**What you should do**
Exactly as written, retype the lines that run from the line holding "Best Commodity Brokers China" through the end of the records below. Do not include pictures.

**Supplied data**
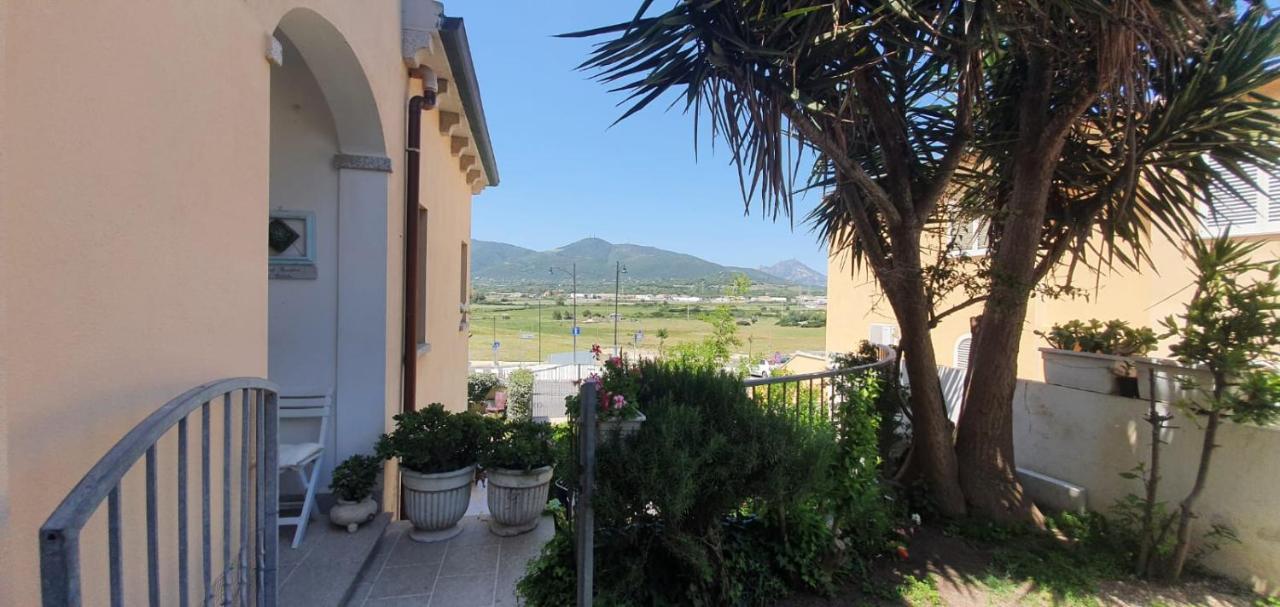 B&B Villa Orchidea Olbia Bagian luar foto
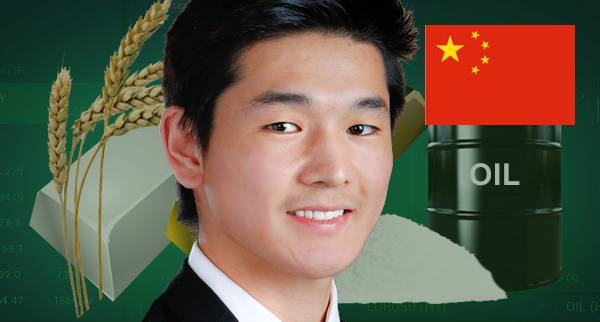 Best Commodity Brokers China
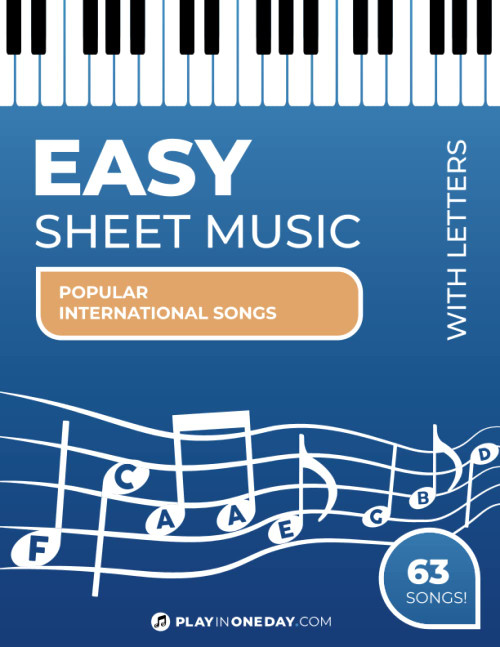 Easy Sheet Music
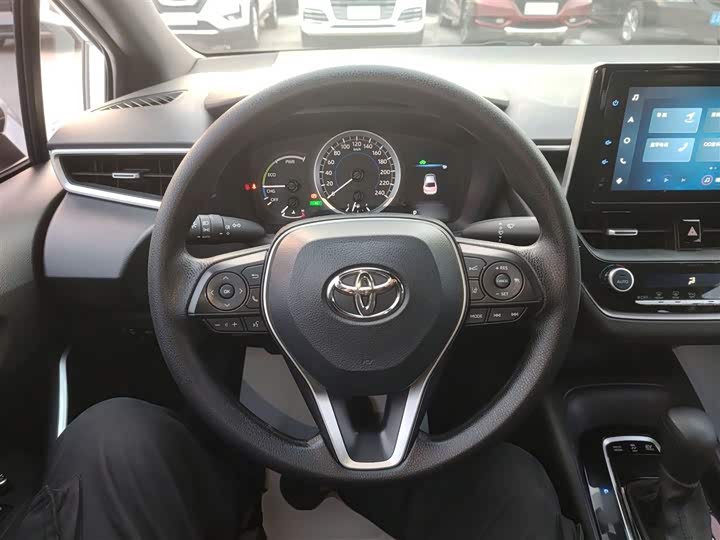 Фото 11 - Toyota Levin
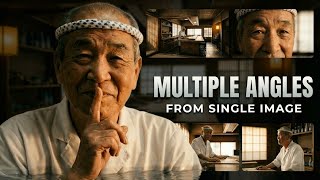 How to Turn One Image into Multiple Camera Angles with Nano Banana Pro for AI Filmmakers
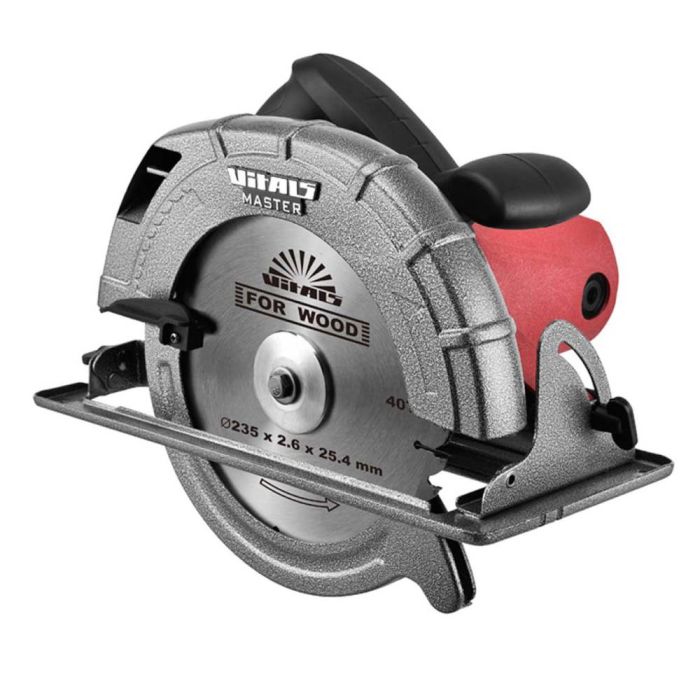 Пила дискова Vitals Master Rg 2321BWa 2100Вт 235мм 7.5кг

**Solved exercise**
 Best Commodity Brokers China
 Easy Sheet Music
 Фото 11 - Toyota Levin
 How to Turn One Image into Multiple Camera Angles with Nano Banana Pro for AI Filmmakers
 Пила дискова Vitals Master Rg 2321BWa 2100Вт 235мм 7.5кг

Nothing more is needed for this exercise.